ECB bond purchasing needs to be seen as “real” to work: IMF

Agency says it is Spain’s call on bailout but warns of risks of not seeking aid

Miguel Jiménez

The director of the IMF’s monetary and capital markets department, José Viñals, a former deputy governor of the Bank of Spain, on Wednesday said that the euro zone remains the biggest threat to world financial stability.

At the IMF’s annual meeting in Tokyo, Viñals called for stronger banks, more integration in the single currency bloc and powerful firewalls. The European Stability Mechanism (ESM) rescue fund and the European Central bank’s bond-purchasing program “must be regarded by markets as real, not virtual, and it should be coupled with credible conditionality,” the IMF official said.

Viñals told a news conference in the Japanese capital that it was up to Spain to decide whether to ask the ESM for assistance, a move that would trigger bond purchases by the ECB. He said the announcement of the bond-purchasing program had helped narrow the risk premium of financially stressed countries such as Spain and Italy, although he insisted that investors would not take favorably to countries that refrain from asking for help when they need it, or if a bailout was denied to a country that required one.

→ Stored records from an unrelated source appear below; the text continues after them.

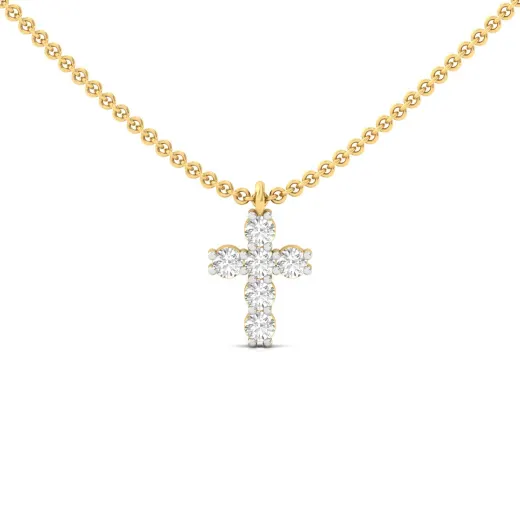Cross Design Diamond Pendant (With Chain)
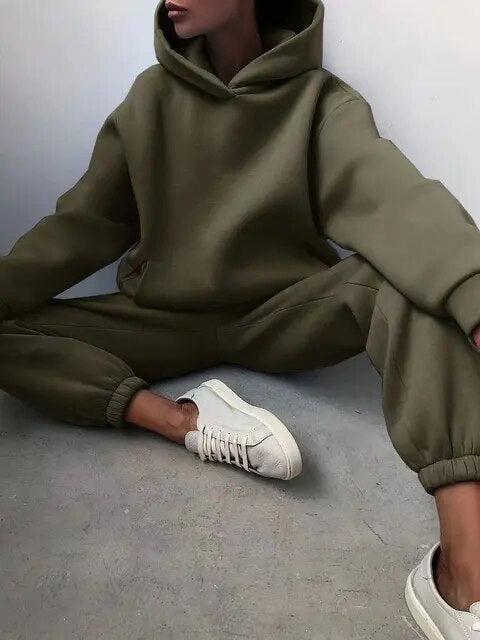 ARLET - Conjunto de chándal oversize de dos piezas con capucha para mujer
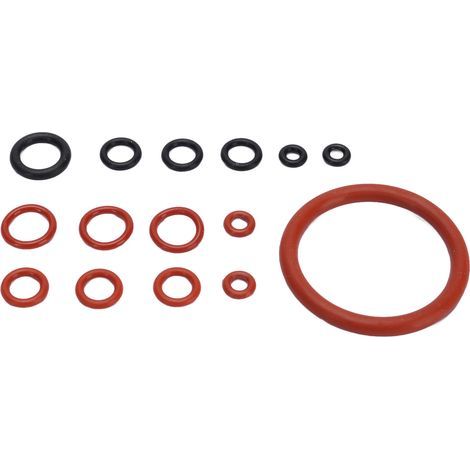 Silikondichtungssatz für Kaffeemaschinen, große und kleine Ersatzdichtungen, schwarz und rot, 15 Stück (1/5)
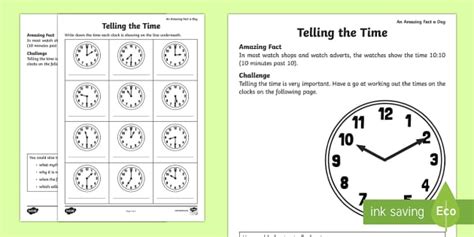 Telling the Time Half Past O'Clock Worksheet / Worksheet / Worksheet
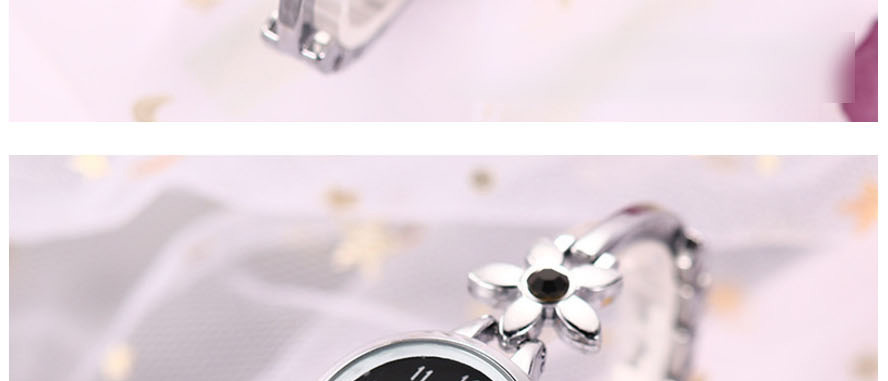 Fashion Golden + White Flower Bracelet Diamond Bracelet Watch,Ladies Watches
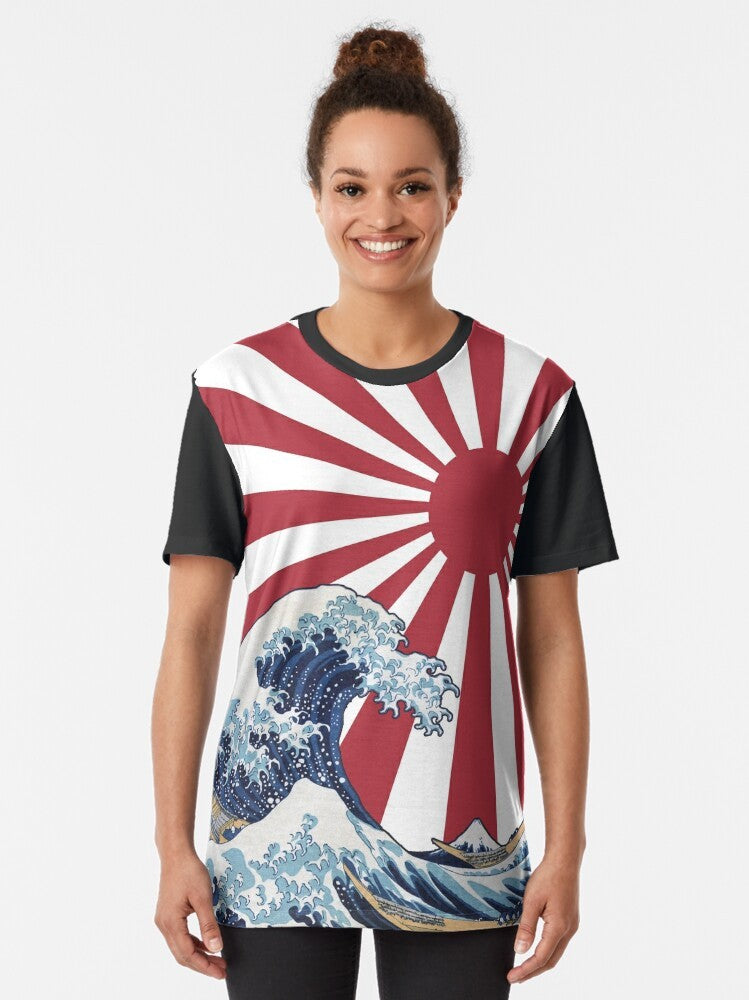 T-shirt design featuring the Great Wave off Kanagawa and the rising sun, representing Japanese culture and the "Land of the Rising Sun". - Women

An IMF report presented by Viñals in Tokyo warned that Spain’s risk premium could hit 750 basis points if the European authorities failed to take appropriate decisions in time. Spain’s risk premium eased x basis points on Wednesday to close at 4xxx. It had reached levels of well over 600 basis points prior to ECB President Mario Draghi’s pledge to do everything possible to save the euro. The ECB later unveiled a new bond-purchasing program for countries that seek help from the ESM.

The government of Prime Minister Mariano Rajoy has insisted on having the details of the conditions that would be attached to seek assistance from ESM before making up its mind on the road he wants to take. However, there appears to be some division within the Eurogroup about extending yet another bailout.

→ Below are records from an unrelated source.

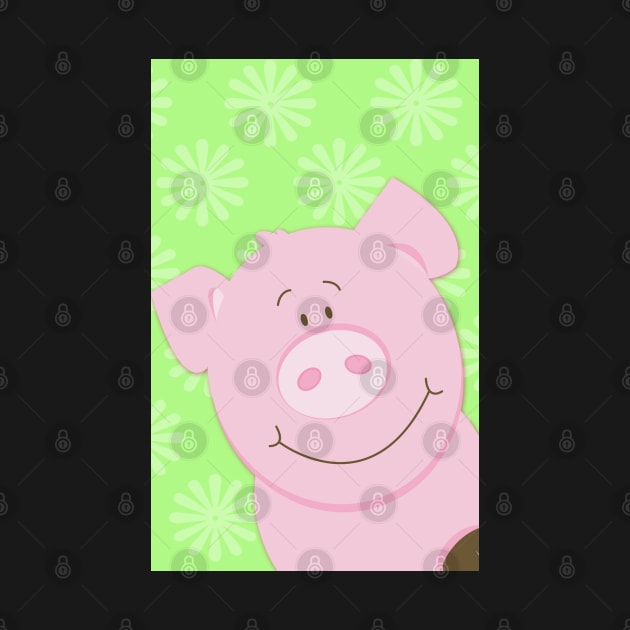 Cute Happy Pig - Green by JessDesigns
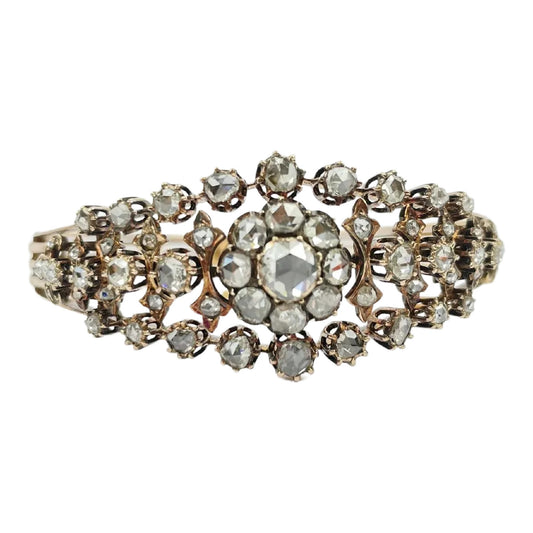 Victorian 14k Gold Rose Cut Diamond Bracelet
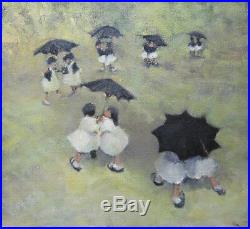 LEONARD CREO Signed c. 1965 Original Oil on Canvas Painting Rainy Day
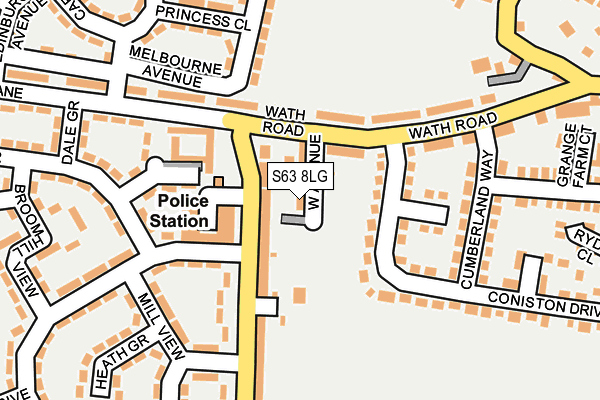 S63 8LG map - OS OpenMap – Local (Ordnance Survey)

German Finance Minister Wolfgang Schäuble has said that Spain does not need another bailout other than the one it has been granted to recapitalize its banks.

The IMF praised the new ECB bond-purchasing program, which it said had corrected the defects of the previous one. However, it also said it could see political risks and risks in executing it. Bundesbank President Jens Weidmann is strongly opposed to the program.

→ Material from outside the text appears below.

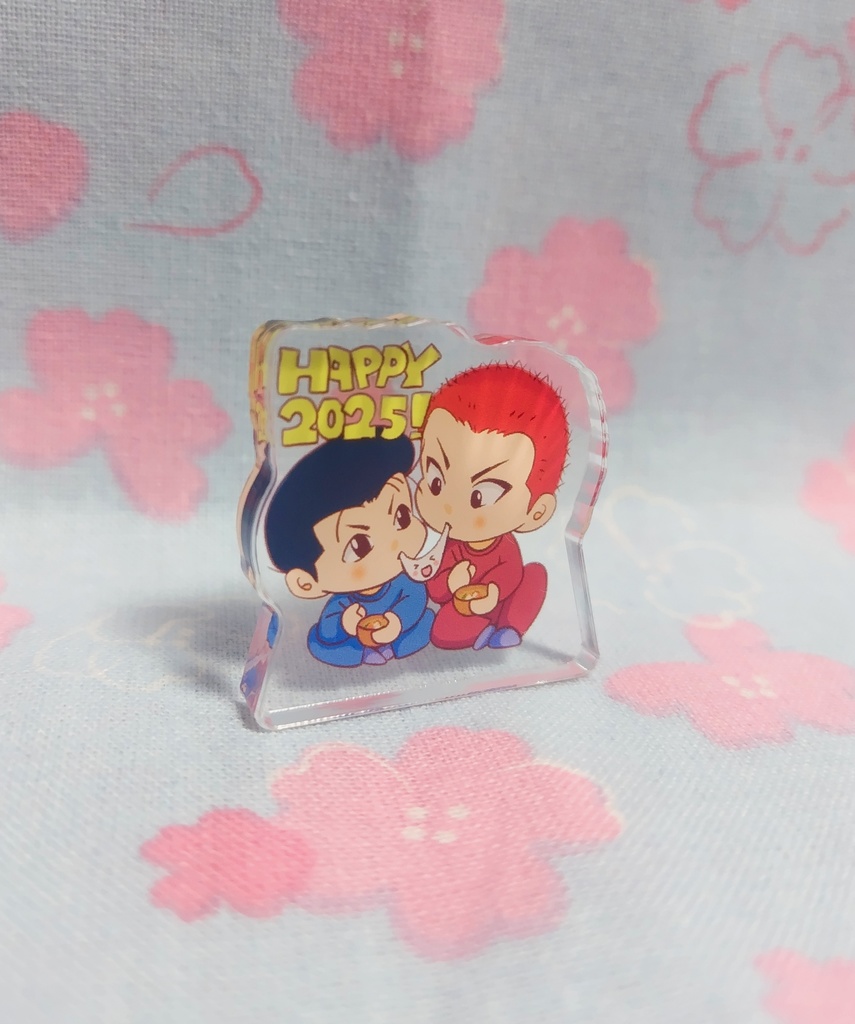 洋花お正月アクリルブロック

The IMF’s Global Financial Stability Report said the bond-purchasing program “does not give categorical assurance that debt stability would be restored.”

Viñals noted a level of fragmentation in the financial markets, as clearly evidenced by the division between core and peripheral countries in the euro zone, such as Spain and Italy. This has raised their borrowing costs and sparked large outflows of capital. The IMF official said it was his “firm belief” that this process of fragmentation could be reversed.